Integration of Simple Sequence Repeat DNA Markers into a Soybean Linkage Map

A total of 40 simple sequence repeat (SSR) or microsatellite DNA markers were mapped in a soybean [ Glycine max (L.) Merrill] mapping population that consisted of 60 F 2 plants from a cross between near isogenic lines of the cultivars Clark and Harosoy. The first objective of study was to determine the map location of SSR loci in relation to 13 classical loci controlling pigmentation and morphological traits, seven isozyme loci, and a total of 118 RFLP and RAPD markers. The second objective was to determine if the microsatellite loci were randomly distributed in the soybean genome. Linkage analysis with MAPMAKER 3.0b yielded 29 linkage groups with a total map length of 1486 centimorgans (cM). This compares with a map length of 1056 cM if the SSR markers were removed from the data set. Thirty‐four of the microsatellite loci were placed in linkage groups. SSR loci were linked to loci controlling nine of the 13 classical traits, and two of seven isozyme loci. Eighteen of the 29 linkage groups contained at least one SSR locus. While this result suggested that the microsateilite loci were randomly distributed throughout the soybean genome, two clusters of five and four SSR loci, spanning 23.4 and 33.6 cM, respectively, were detected.
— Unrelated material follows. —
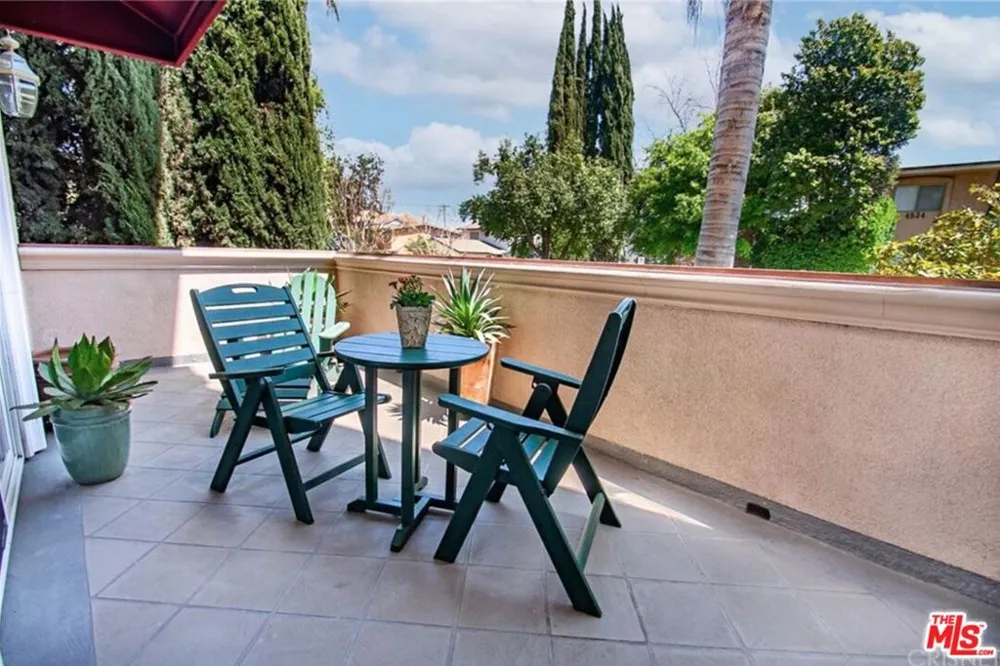 4533 Vista Del Monte Avenue #101 Los Angeles, CA 91403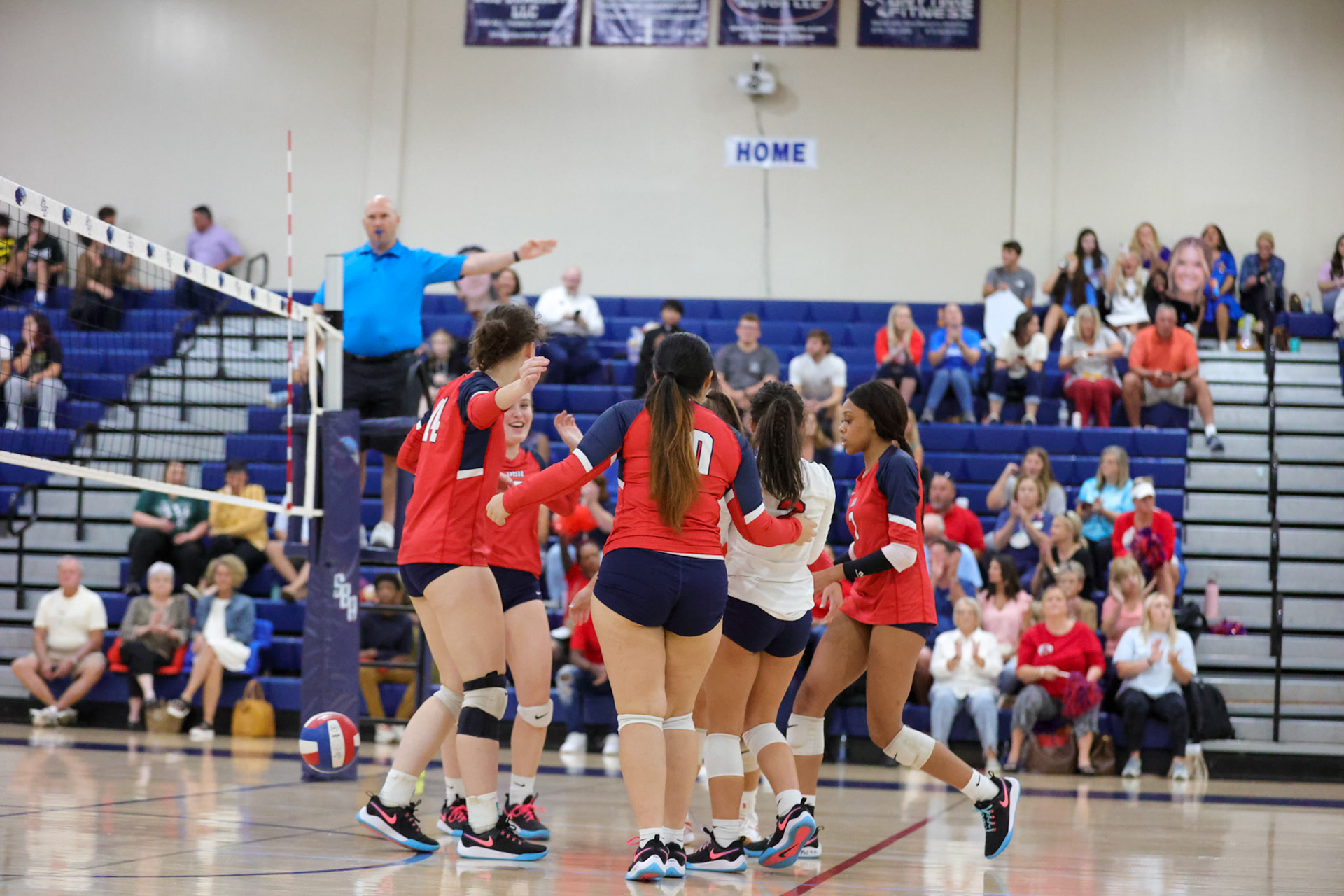 St. Benedict Volleyball vs White Station at St. Benedict at Auburndale in Memphis, TN on Thursday, September 22, 2022. (Ryan Beatty/SBA)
These results indicated a relatively limited amount of clustering of soybean SSR loci, and demonstrated that microsatellite genetic markers should provide an excellent complement to RFLP and RAPD markers for use in soybean molecular biology, genetics, and breeding research. Because SSR markers detect only single genetic loci and are highly polymorphic, they can be extremely informative in pedigree tracing studies, in the analysis of progeny from multiparent matings, in a wide range of mapping applications, and in genotype identification.